IMO the decision should be made purely from a design perspective. Should 
  a configuration parameter passed around as method parameter though it 
is static through the whole lifecycle of the Environment instance? In a 
perfect world I'd say no :) Which leaves the question how to inject the 
parameter. One place is on instantiation (e.g. 
CocoonServlet.getEnvironment(..) in 2.1, 
RequestProcessor.getEnvironment(..) in 2.2) which leaves us with the 
web.xml init parameter (or analogical alternatives for other 
environments) as described.

Another option I found is to setup the environment (i.e. injecting the 
parameter) while setting up the pipeline. AbstractProcessingPipeline is 
the place where we have access to the current flush buffer size 
parameter and call getOutputStream(..) on the environment. It has a 
method setupPipeline(Environment). Why not injecting the parameter(s) 
here? Due to its lifecycle changing the property of the environment 
should not cause any problem since it's a one-time usage object, no 
threading problems or something like that.

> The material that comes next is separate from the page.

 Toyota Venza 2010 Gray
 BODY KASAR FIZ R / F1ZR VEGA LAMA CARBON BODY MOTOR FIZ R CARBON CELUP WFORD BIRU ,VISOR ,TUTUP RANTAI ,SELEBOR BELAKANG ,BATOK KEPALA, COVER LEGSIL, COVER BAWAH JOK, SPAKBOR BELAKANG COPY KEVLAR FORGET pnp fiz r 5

I'm just curious what the original reason was to pass the parameter 
along rather than injecting it? Maybe there is a flaw in my thoughts :) 
Whoever knows the code, are my statements correct and what do you think 
about the approach injecting the parameters rather than passing them 
along? Second, if it is a valid approach which way to go?

1) Don't provide a separate configuration option for initial buffer size.
2) Pass both parameters to getOutputStream(..).
3) Leave the current flush buffer size as parameter to 
getOutputStream(..) but inject the other one
a) from web.xml.
b) from pipeline configuration.
4) Inject both buffer sizes, eventually reactivating/reintroducing 
getOutputStream() without any parameter and deprecating the other one.